Manchmal wäre ein 0:0 gescheiter, ein tor- und vor allem jubelloses Unentschieden. Ein 0:0 für den Weltfrieden, sozusagen.

In Saint-Denis, beim geopolitisch aufgeladenen Spiel zwischen Frankreich und der Türkei in der Gruppe H der Qualifikation für die Europameisterschaft im kommenden Jahr, lief lange alles recht harmonisch. Trotz der Sorgen, die es vorher gab, der Debatten über militärisch salutierende Fußballer und Boykottforderungen. Die Marseillaise? Natürlich gab es Pfiffe, immerhin waren 30 000 Türken ins Stade de France gekommen, sie tauchten die Arena in feuriges Rot. Doch der französische Fußballverband stellte die Nationalhymne einfach so donnernd laut ein, dass die paar Pfiffe im „Allons enfants de la patrie, le jour de gloire est arrivé“ untergingen. Es gab auch missfallendes Geheule, als die Bleus fürs Aufwärmen den Rasen betraten, aber das gehört nun mal dazu.

Das Spiel wogte also nett dahin, ziemlich animiert sogar. Die Franzosen taten viel für die Offensive, um die schmähliche Niederlage beim Hinspiel vergessen zu machen, scheiterten aber regelmäßig an den massierten Abwehrreihen der Türken, gleich zwei davon hatten die Gäste da montiert, und an Mert Günok, dem auffällig gut aufgelegten Torwart.

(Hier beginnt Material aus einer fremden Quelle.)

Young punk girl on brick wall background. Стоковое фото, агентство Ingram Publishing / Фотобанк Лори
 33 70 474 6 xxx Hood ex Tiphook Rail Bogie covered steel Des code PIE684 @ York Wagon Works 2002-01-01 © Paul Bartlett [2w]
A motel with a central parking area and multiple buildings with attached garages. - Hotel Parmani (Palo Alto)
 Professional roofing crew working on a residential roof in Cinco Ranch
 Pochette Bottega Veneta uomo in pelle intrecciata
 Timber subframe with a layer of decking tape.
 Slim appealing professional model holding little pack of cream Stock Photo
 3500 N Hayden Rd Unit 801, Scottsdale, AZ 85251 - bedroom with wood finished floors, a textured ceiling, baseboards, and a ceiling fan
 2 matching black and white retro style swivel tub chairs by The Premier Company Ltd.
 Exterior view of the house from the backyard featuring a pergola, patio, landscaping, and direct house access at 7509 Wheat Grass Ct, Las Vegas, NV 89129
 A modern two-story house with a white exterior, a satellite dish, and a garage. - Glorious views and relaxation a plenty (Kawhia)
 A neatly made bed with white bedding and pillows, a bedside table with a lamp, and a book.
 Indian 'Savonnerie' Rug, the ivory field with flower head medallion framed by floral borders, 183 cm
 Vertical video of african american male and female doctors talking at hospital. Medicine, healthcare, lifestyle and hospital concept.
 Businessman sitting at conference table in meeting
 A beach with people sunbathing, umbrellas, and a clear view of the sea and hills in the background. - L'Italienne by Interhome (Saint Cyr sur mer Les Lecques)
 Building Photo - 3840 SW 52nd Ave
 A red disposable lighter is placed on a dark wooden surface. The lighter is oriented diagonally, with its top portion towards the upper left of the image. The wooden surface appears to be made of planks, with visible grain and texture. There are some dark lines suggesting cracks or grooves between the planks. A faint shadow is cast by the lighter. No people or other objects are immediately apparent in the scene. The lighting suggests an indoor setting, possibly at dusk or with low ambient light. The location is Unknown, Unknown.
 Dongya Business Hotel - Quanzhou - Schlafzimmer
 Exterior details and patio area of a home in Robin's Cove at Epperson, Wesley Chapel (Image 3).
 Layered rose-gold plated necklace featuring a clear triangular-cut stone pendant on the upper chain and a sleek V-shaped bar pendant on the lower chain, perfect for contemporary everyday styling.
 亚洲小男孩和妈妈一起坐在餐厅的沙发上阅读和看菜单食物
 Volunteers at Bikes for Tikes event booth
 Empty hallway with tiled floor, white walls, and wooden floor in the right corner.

Bis zur 76. Minute war alles gut, 0:0. Dann traf Olivier Giroud mit dem Kopf, ausgerechnet Giroud, 33 Jahre alt, der viel Geschmähte und oft Unterschätzte. In seinem Verein, dem FC Chelsea, spielt er nur noch sehr selten, im Nationalteam aber schießt er Tor um Tor. Er war diesmal nur Ersatz, obwohl ihm einige Tage zuvor schon das Siegtor gegen Island gelungen war. Nationalcoach Didier Deschamps zog ihm Wissam Ben Yedder vor, den Stürmer von AS Monaco. Von dem hieß es, er sei in viel besserer Form. Nun ja, ging so. Giroud brauchte nach seiner Einwechslung nur vier Minuten für sein Tor, breitete dann die Arme zum Albatros, führte die Hände hinter die Ohren. Noch Fragen, noch Diskussionen? „Zorro“ nannte ihn der Kommentator auf dem TV-Sender M6, „Held“, sogar „Retter“, alles in einem Atemzug.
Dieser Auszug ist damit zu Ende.